_Problem statement_
In the entries below, which lines run from the one with "Matching Stripes by" through the one with "Buscar fly pegatinas Bugs"? Repeat exactly those, both included, and no pictures.

_Input for this task_
□ □ □ □
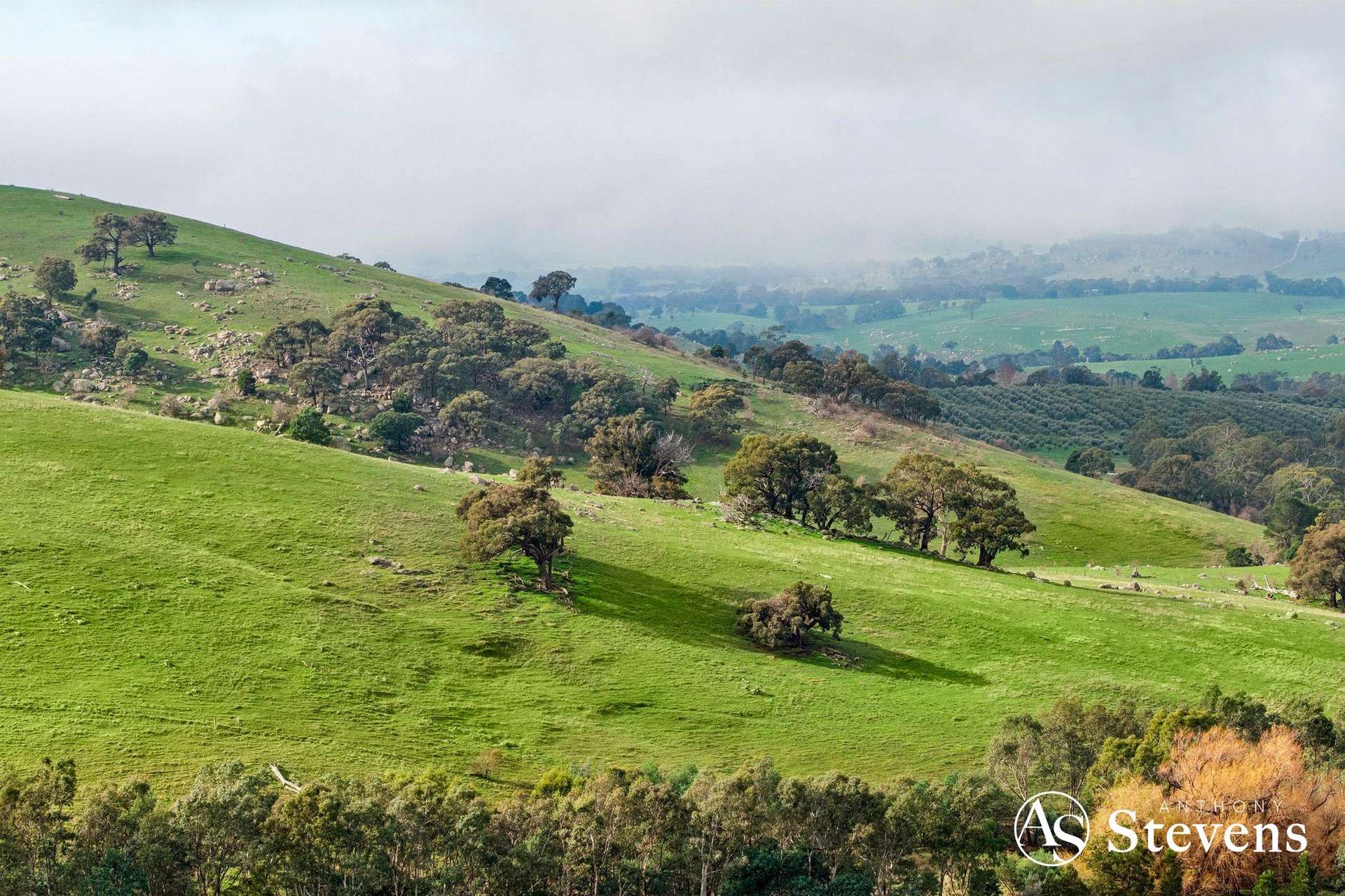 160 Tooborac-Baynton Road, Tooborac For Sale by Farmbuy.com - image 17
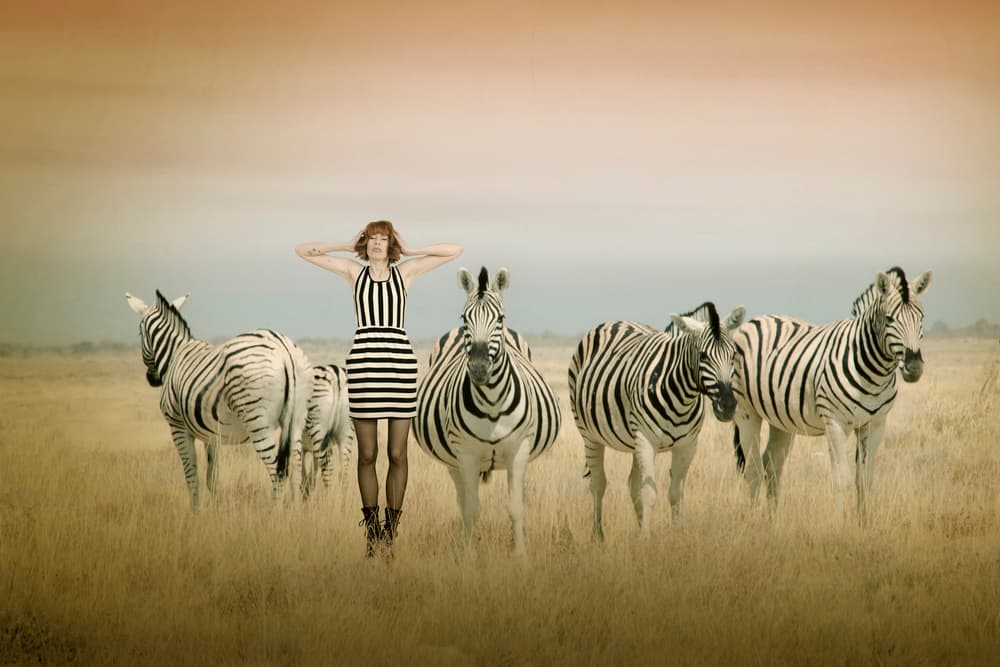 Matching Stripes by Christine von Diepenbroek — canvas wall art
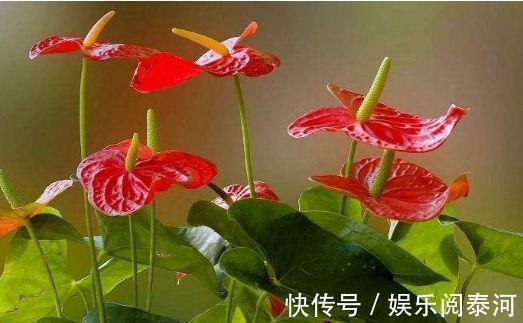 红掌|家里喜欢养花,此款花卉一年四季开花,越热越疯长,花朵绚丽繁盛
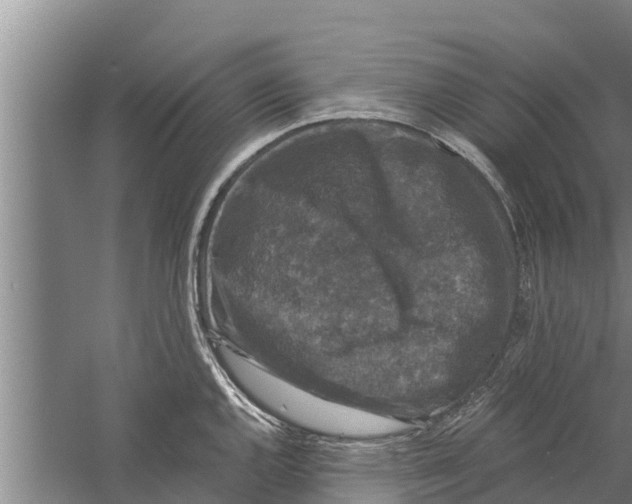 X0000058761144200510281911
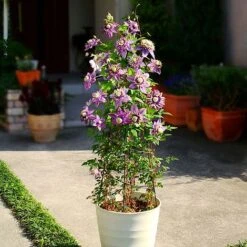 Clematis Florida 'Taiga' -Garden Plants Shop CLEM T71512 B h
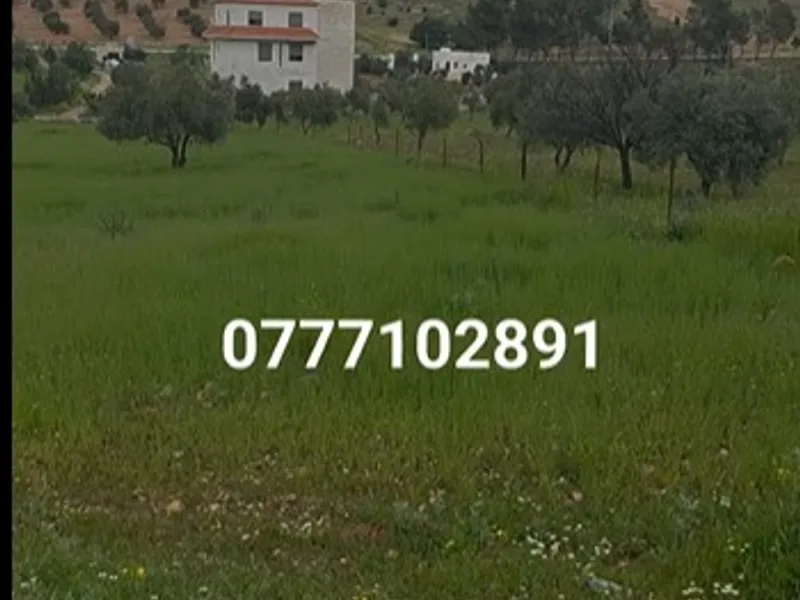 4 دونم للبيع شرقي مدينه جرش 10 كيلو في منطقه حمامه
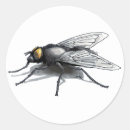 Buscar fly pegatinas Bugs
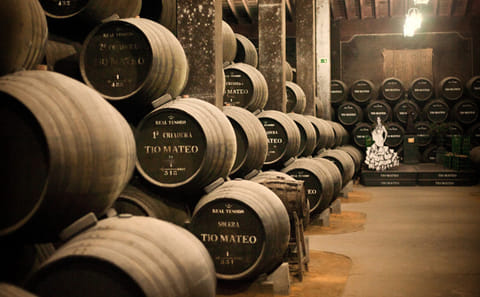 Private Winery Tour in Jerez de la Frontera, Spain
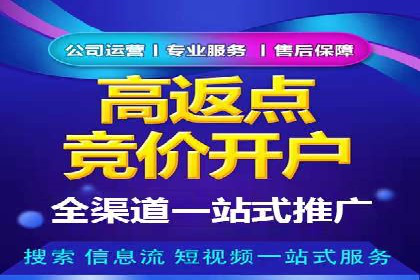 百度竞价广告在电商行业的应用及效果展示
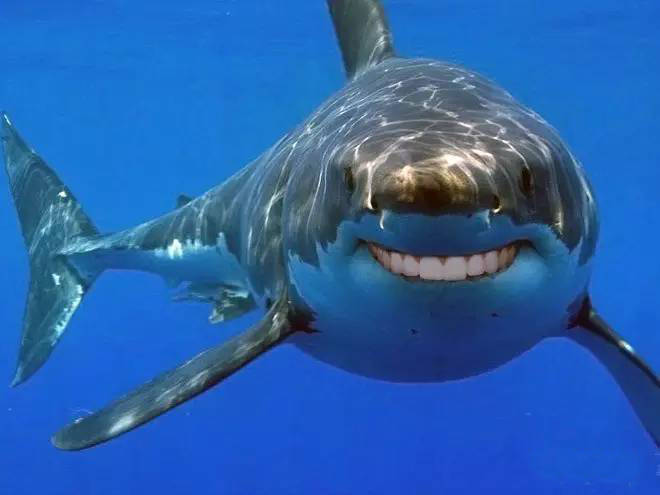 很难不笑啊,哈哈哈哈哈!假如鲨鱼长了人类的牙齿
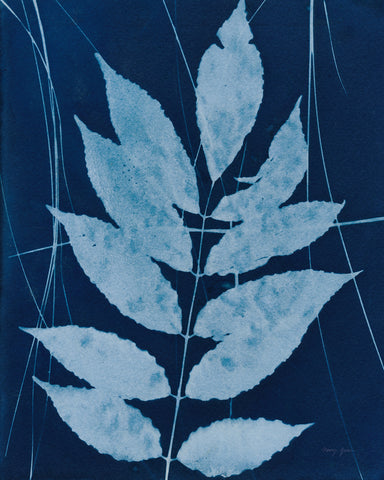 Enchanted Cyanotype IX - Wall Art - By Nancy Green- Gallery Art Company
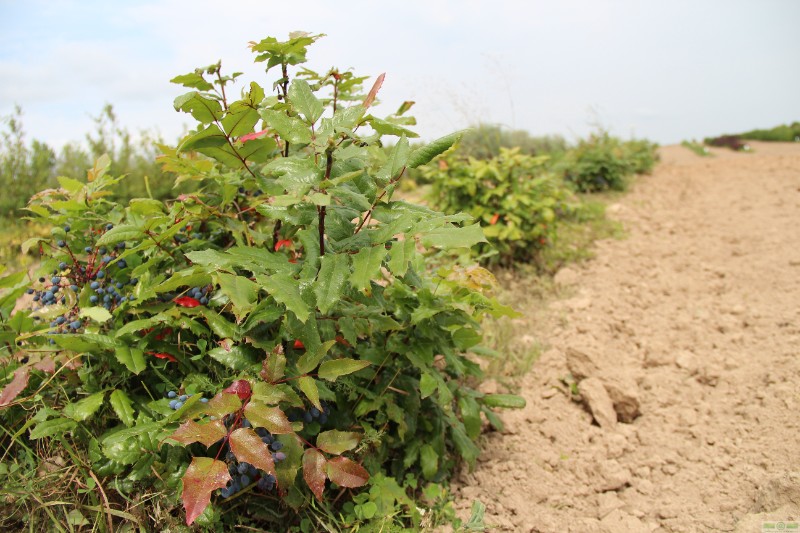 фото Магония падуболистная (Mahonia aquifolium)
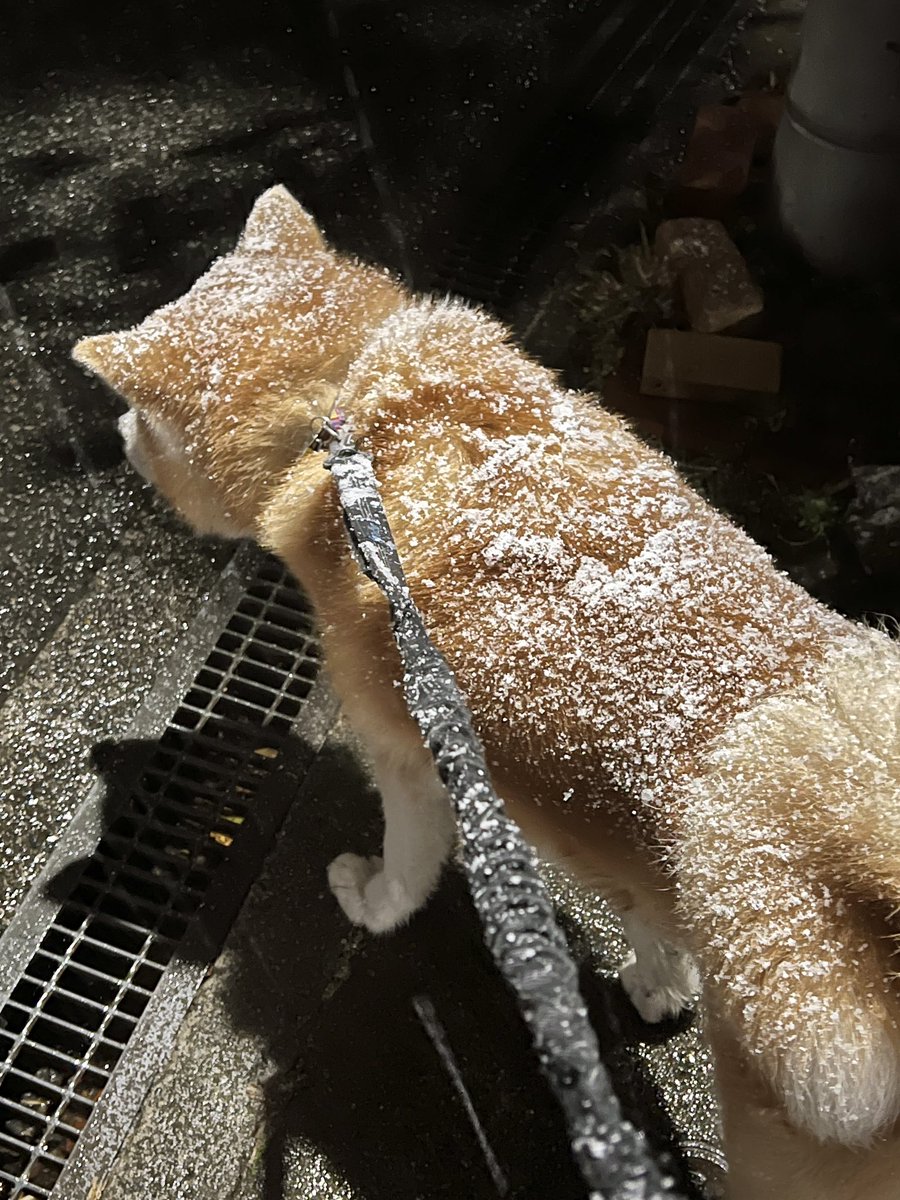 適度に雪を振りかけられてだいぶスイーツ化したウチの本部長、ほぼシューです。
□ □ □ □
_Solved problem_
 Matching Stripes by Christine von Diepenbroek — canvas wall art
 红掌|家里喜欢养花,此款花卉一年四季开花,越热越疯长,花朵绚丽繁盛
 X0000058761144200510281911
 Clematis Florida 'Taiga' -Garden Plants Shop CLEM T71512 B h
 4 دونم للبيع شرقي مدينه جرش 10 كيلو في منطقه حمامه
 Buscar fly pegatinas Bugs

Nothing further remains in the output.